* **WHAT IS EXPECTED**: Search the records for the string "Interior". Copy each line where it occurs.

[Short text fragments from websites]
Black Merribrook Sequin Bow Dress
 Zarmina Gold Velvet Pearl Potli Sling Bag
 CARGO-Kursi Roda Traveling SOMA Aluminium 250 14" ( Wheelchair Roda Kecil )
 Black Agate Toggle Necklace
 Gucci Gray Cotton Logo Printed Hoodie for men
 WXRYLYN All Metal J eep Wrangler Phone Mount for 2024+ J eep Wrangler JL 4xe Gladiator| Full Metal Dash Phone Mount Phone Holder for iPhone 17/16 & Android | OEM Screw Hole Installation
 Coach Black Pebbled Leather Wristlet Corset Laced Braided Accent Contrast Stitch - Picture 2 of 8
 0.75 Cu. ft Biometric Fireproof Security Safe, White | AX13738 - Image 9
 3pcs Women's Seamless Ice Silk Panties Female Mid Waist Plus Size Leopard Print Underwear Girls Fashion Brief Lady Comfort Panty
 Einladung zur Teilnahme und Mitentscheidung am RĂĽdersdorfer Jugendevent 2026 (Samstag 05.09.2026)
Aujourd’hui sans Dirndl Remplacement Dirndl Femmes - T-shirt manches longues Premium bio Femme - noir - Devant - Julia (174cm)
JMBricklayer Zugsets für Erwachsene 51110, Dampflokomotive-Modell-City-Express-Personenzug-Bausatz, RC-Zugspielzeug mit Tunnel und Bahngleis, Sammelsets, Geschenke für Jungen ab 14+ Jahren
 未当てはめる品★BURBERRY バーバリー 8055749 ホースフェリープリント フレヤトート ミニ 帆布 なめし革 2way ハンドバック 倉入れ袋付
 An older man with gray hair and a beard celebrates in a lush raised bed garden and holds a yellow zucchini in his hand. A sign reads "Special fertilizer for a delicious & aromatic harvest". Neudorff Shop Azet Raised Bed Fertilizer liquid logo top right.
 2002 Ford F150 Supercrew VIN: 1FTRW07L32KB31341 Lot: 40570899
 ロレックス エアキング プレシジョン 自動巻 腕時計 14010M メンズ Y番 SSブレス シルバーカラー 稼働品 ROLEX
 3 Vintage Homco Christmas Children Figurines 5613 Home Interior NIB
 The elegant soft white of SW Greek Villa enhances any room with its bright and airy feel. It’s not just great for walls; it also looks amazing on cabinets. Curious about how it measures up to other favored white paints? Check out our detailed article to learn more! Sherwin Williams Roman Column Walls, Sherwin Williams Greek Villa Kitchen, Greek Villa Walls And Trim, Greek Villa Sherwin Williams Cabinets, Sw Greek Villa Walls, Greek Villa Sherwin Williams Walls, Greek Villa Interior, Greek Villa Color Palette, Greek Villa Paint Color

* **ANSWER BELOW**:
 3 Vintage Homco Christmas Children Figurines 5613 Home Interior NIB
 The elegant soft white of SW Greek Villa enhances any room with its bright and airy feel. It’s not just great for walls; it also looks amazing on cabinets. Curious about how it measures up to other favored white paints? Check out our detailed article to learn more! Sherwin Williams Roman Column Walls, Sherwin Williams Greek Villa Kitchen, Greek Villa Walls And Trim, Greek Villa Sherwin Williams Cabinets, Sw Greek Villa Walls, Greek Villa Sherwin Williams Walls, Greek Villa Interior, Greek Villa Color Palette, Greek Villa Paint Color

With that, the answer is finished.